Repeat all of the data word for word so that only the pictures are missing from the copy.

[[ Supplied data, beginning ]]

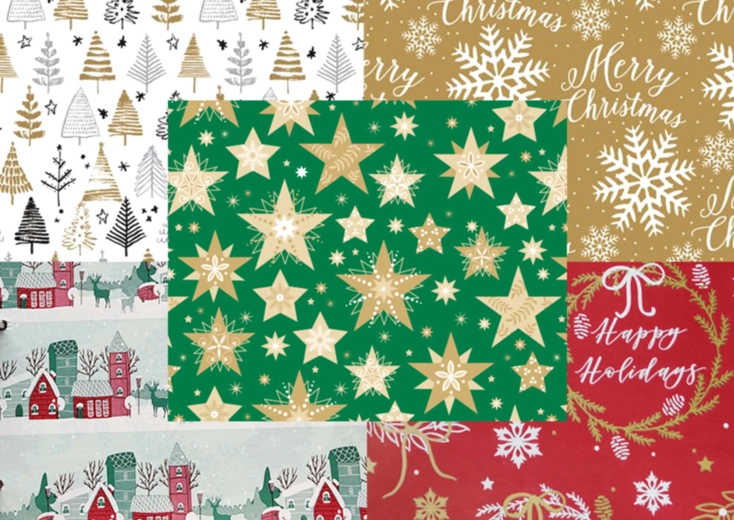 Papel de regalo navideño BVE Classic 0,7 × 10 m – surtido
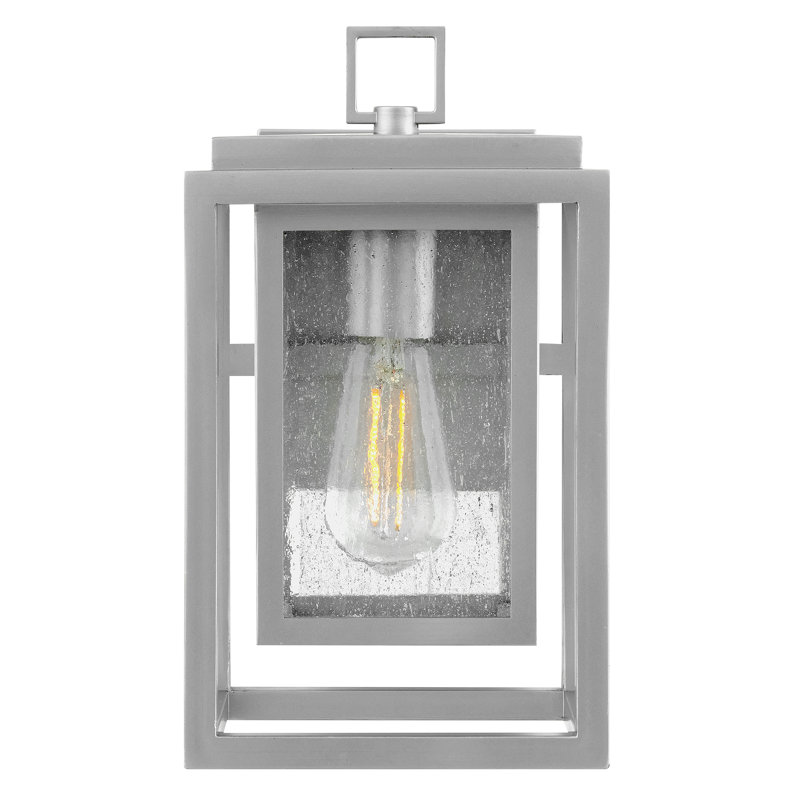 Medium Wall Mount Lantern, 12" H x 7" W x 6.75" D, Satin Nickel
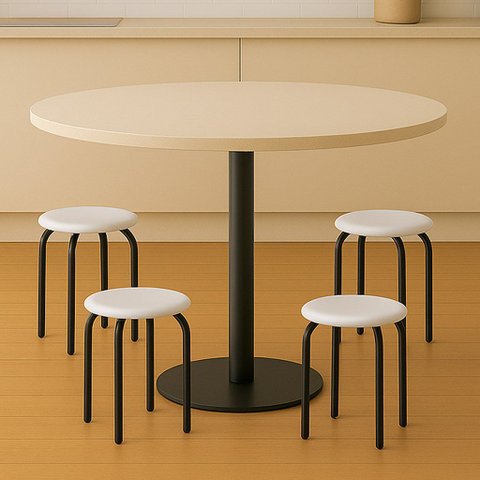 Banqueta Cozinha Baixa Empilhável Industrial Kit 4 Jully Preto/branco D03 - D’Rossi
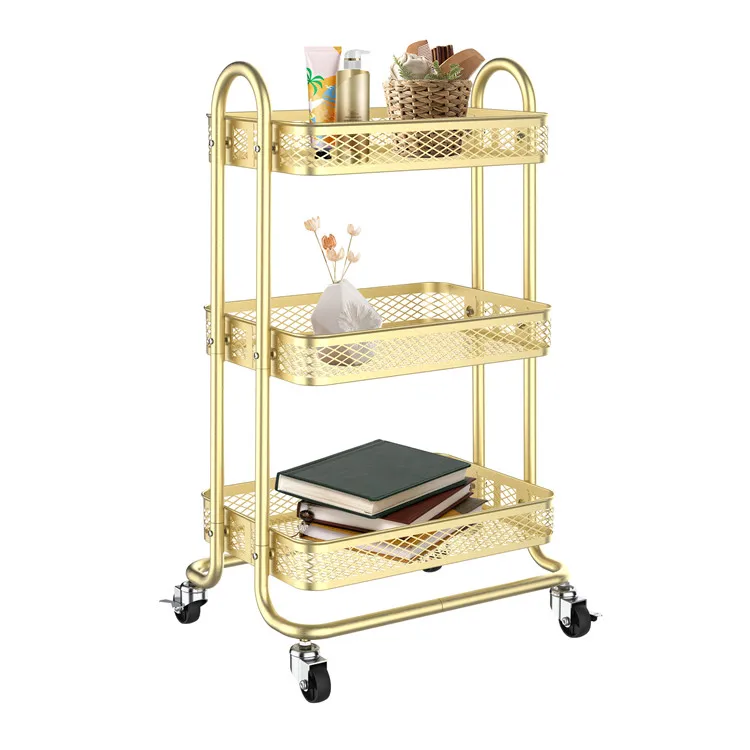 

PINPINFAMILY 4pcs/Carton Movable Storage Rolling Cart Organizer Shelf 3 Tier Used Home Kitchen Rack Trolley, Gold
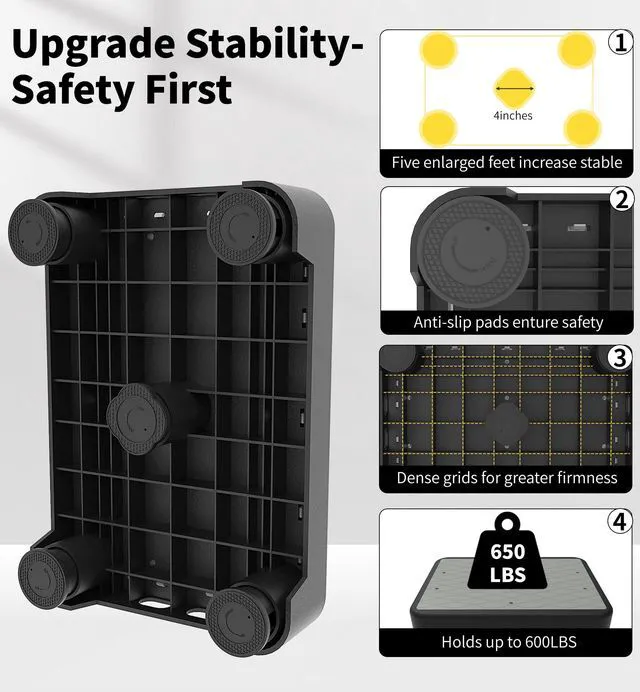 Alt view image 4 of 7 - 5-Level Adjustable Step Stool, 700 LBS Capacity Safety Bed Step for Seniors, Exercise Setp Platform, Portable Stair Assist for Elderly, Wide Step up for Kitchen, Car, Bedside & Shower, Grey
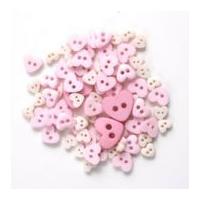 impex heart shape miniature buttons pink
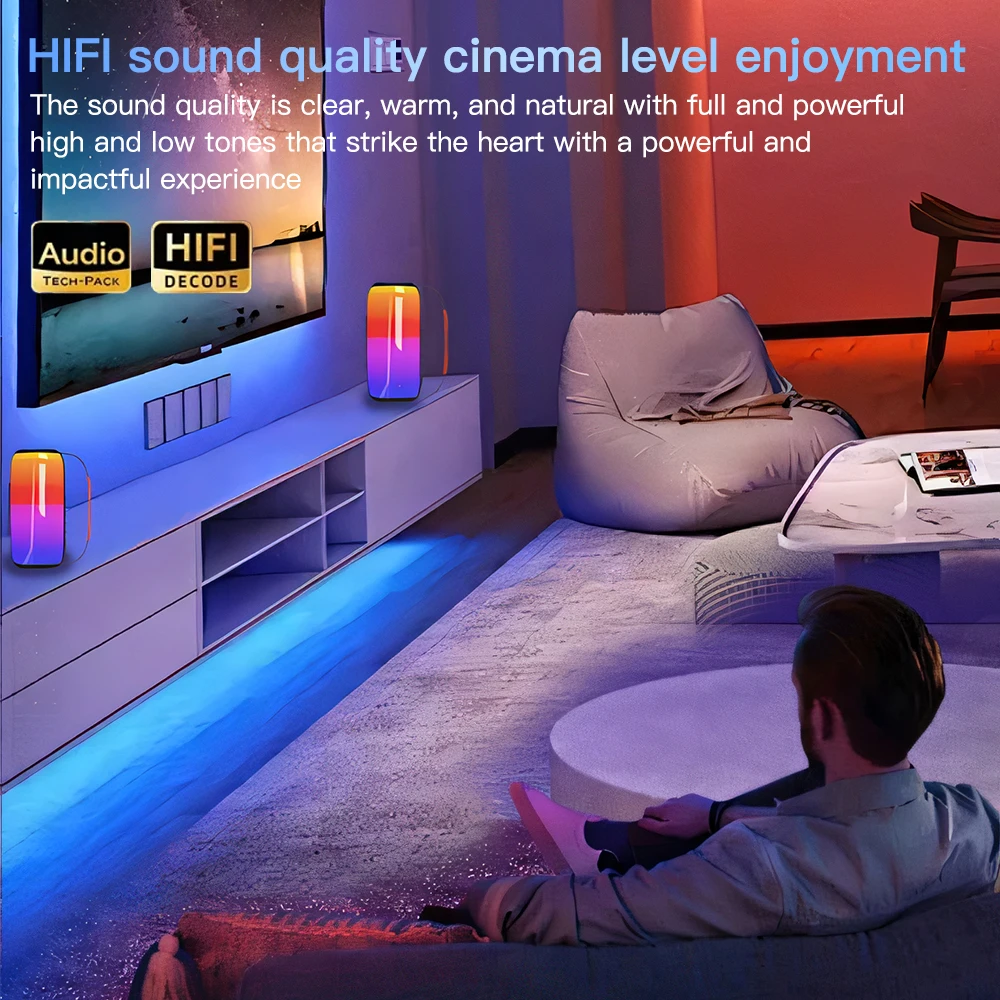 Waterproof Bluetooth Speaker with Deep Bass and LED Light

[[ Supplied data, end ]]

## Solution:
 Papel de regalo navideño BVE Classic 0,7 × 10 m – surtido
 Medium Wall Mount Lantern, 12" H x 7" W x 6.75" D, Satin Nickel
 Banqueta Cozinha Baixa Empilhável Industrial Kit 4 Jully Preto/branco D03 - D’Rossi

PINPINFAMILY 4pcs/Carton Movable Storage Rolling Cart Organizer Shelf 3 Tier Used Home Kitchen Rack Trolley, Gold
 Alt view image 4 of 7 - 5-Level Adjustable Step Stool, 700 LBS Capacity Safety Bed Step for Seniors, Exercise Setp Platform, Portable Stair Assist for Elderly, Wide Step up for Kitchen, Car, Bedside & Shower, Grey
 impex heart shape miniature buttons pink
 Waterproof Bluetooth Speaker with Deep Bass and LED Light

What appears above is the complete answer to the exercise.